I have the following model:
$$ y\sim\textrm{N}\left(\mu,\Sigma\right)\\ p=\textrm{logistic}\left(y\right)\\ k\sim\textrm{Binomial}\left(p,n\right) $$$$ y\sim\textrm{MvNormal}\left(\mu,\Sigma\right)\\ p=\textrm{logistic}\left(y\right)\\ k\sim\textrm{Binomial}\left(p,n\right) $$
Where $\mu$ and $\Sigma$ are free parameters, and $k$ and $n$ are known. What is the likelihood or log-likelihood function of this model? I know the likelihoods of the multivariate normal and binomial distributions, but how do I combine them to find the likelihood of this hierarchical model?

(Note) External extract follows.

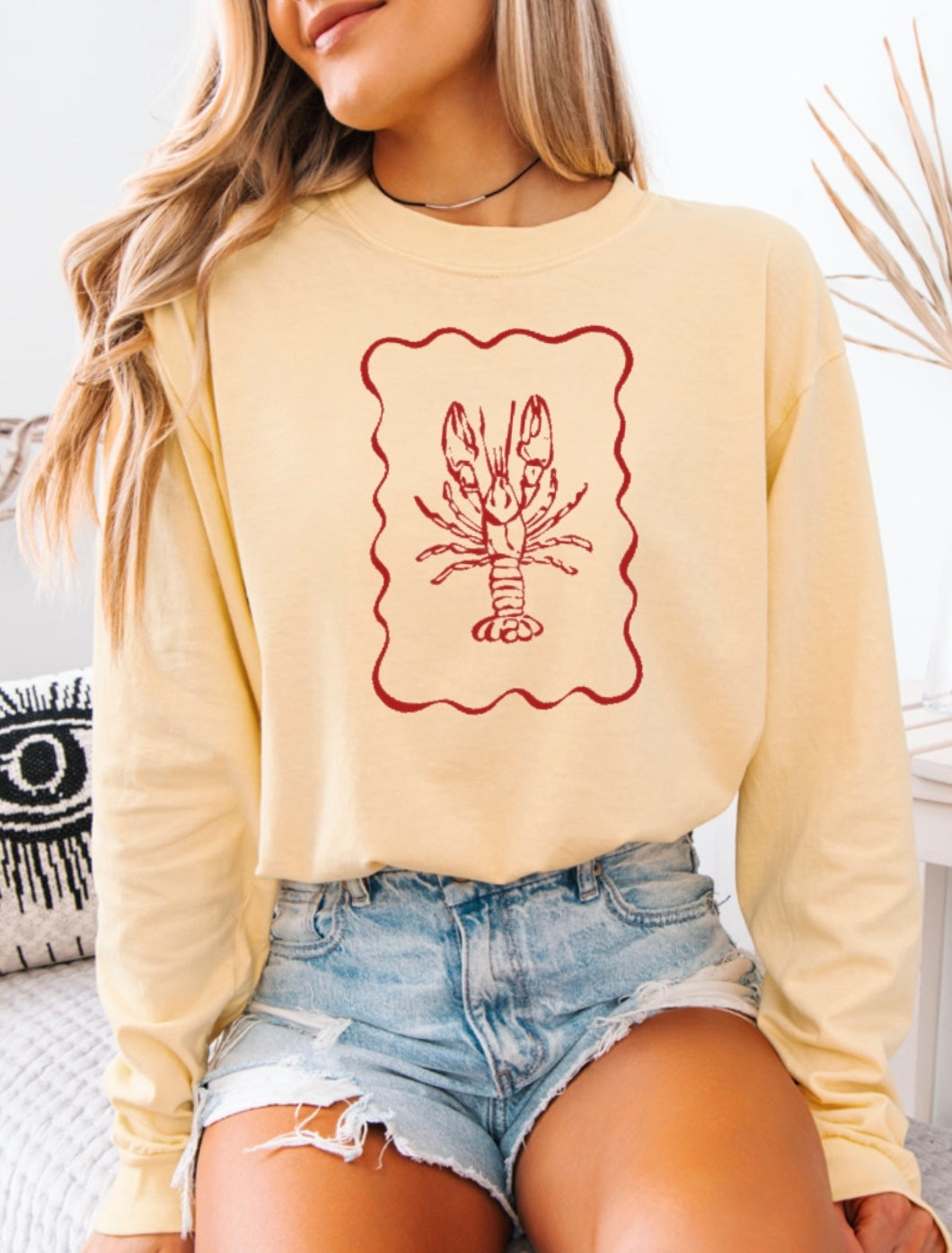Lobster doodle long sleeve t-shirt • comfort colors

If there is one, I would like to know the general method for finding likelihoods of these kinds of hierarchical models. Another model I'm interested in is:
$$ y\sim\textrm{N}\left(\mu,\Sigma\right)\\ \lambda=\textrm{exp}\left(y\right)\\ x\sim\textrm{Poisson}\left(\lambda\right) $$$$ y\sim\textrm{MvNormal}\left(\mu,\Sigma\right)\\ \lambda=\textrm{exp}\left(y\right)\\ x\sim\textrm{Poisson}\left(\lambda\right) $$
where $x$ is known.